As educators, we must re-adjust our models and methods to address the possibilities that the online space enables. You know the story: we teach the way we were taught. And since little of this technology has been in existence long enough to have raised teachers in its tenure, it challenges us with many unknowns. Change is scary stuff. And make no mistake, I’m a newbie myself. I have to take three deep breaths every time I open my Google Reader. Most of the tools I employ I’m probably using at half their capacity. It’s overwhelming. There are no edges online, and I’m a woman who likes her bookcase (arranged alphabetically by author’s last name, thank you very much) Recently, while reading Krauss & Boss on Reinventing Project-Based Learning, I felt a quiet calm pass over me when a reference was made to the NETS•S to be found in The Appendix. The Appendix. No hyperlink doorknobs opening passageways to lands unknown – disorienting me with altered layouts, changing fonts, and new color schemes.
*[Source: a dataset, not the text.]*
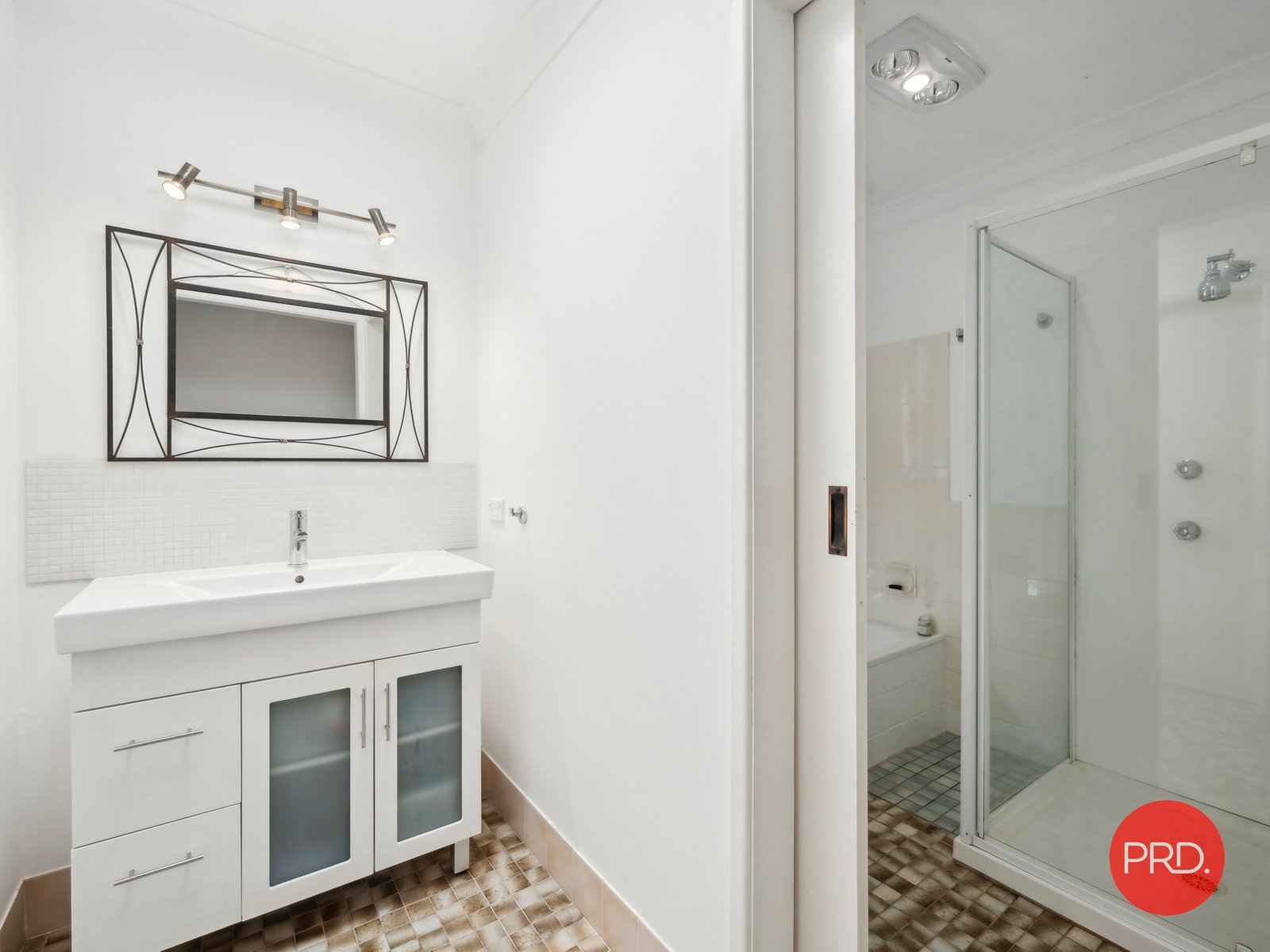 52 Lovetts Road KORORA 15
Instead, I settled back into the narrative confident in the knowledge that the standards would be delivered to me in exactly 141 pages. Ahhhhhhh. And 35 pages beyond that, I would experience the sublime sense of closure that comes with turning the last page of a book. Finitude.
So I understand the fear. I understand overwhelmed. But I also see the urgent need to respond to and capitalize on innovation or risk becoming obsolete. This is our opportunity to reinvent teaching and learning. My goal as a curriculum consultant and teacher educator is to meet teachers where they are. I’ve come to believe that encouraging participation in an online professional learning community like Twitter is one way to introduce a low-risk environment that exposes teachers and administrators to some of the key concepts and tools changing the learning landscape. It’s a point of departure from which I can begin facilitating conversations about innovation. In large part, my colleagues are open but tentative and in need of guidance, and I say, let me be your bookends. Social bookmarking can wait.